Jordan hangs two militants for killing US diplomat
AMMAN, Mar 11 (Reuters) Jordan executed today two Islamist militants found guilty of the murder of a US diplomat in Amman, a rare case of death sentences imposed on security detainees being carried out.
Officials told Reuters prison authorities in Swaqa hanged Libyan Salem bin Suweid, 46, and Jordanian Yasser Freihat, 28, at dawn, carrying out sentences handed down in 2004 for the murder of US diplomat Laurence Foley in October 2002.
''The death sentence by hanging against the two criminals, Salem Saad Salem bin Suweid and Jordanian national Yasser Fathi Ibrahim Freihat, was implemented at dawn after they were convicted of the terrorist act that led to the death of a diplomat working in Amman,'' a security official said.
Political detainees sentenced to death in Jordan, a staunch US ally, are rarely executed, and officials said the men were the first Muslim militants the country had hanged for years.

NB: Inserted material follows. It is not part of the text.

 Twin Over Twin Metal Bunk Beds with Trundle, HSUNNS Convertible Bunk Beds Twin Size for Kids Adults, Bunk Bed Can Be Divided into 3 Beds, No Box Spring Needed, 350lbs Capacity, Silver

Jordanian intelligence accused Jordanian militant Abu Musab al-Zarqawi, the leader of al Qaeda in Iraq, of masterminding Foley's murder. Suweid and Freihat denied the charges against them and said their confessions were extracted under duress.
Hundreds of Islamists chanted slogans praising Zarqawi after relatives and sympathisers carried Freihat's body from his modest home in impoverished Russaifa on the outskirts of the capital to a nearby cemetery.
''O tyrants, Abu Musab and bin Laden will come and dig your graves,'' the young bearded men chanted before burying Freihat's body, dressed in his red prison gown.
After the burial, several bearded Islamist fundamentalists delivered speeches urging Muslim holy war (Jihad) and revenge against ''infidels and enemies of God.'' ''We bid farewell to Yasser with his wish of dying as a martyr fulfilled ... our martyrdom in Jihad (Muslim holy war) is our highest wish,'' said Sheikh Jarah Abdullah, a local cleric.
ANTI-WESTERN FEELING Activists said authorities refused to hand over Suweid's body for burial alongside that of his accomplice Freihat.
Foley's assassination, at a time of strong anti-Western feeling before the US-led invasion of Iraq in 2003, rocked the kingdom, normally a staunch US ally.
Earlier this month rioting broke out in three big Jordanian prisons after security forces went into Swaqa to transfer Suweid and Freihat for execution. The clashes, involving 150 inmates, were the most serious in Jordan in recent years.
A Jordanian security source said riot police and prison authorities had been put on high alert because inmates had threatened to riot if the two men were executed.
Islamists in contact with security detainees said inmates were threatening ''unspecified action'' to show their anger.
Security sources said the inmates used smuggled mobile phones to organise the recent jail riots, underscoring their high level of coordination. The three prisons are among eight jails holding more than 6,000 common and political prisoners.
Dozens of inmates are being held on suspicion of plotting attacks on Israelis, Americans and Westerners.
Security officials in Jordan say the rise in militancy is tied to growing anti-American sentiment since the invasion of Iraq in 2003.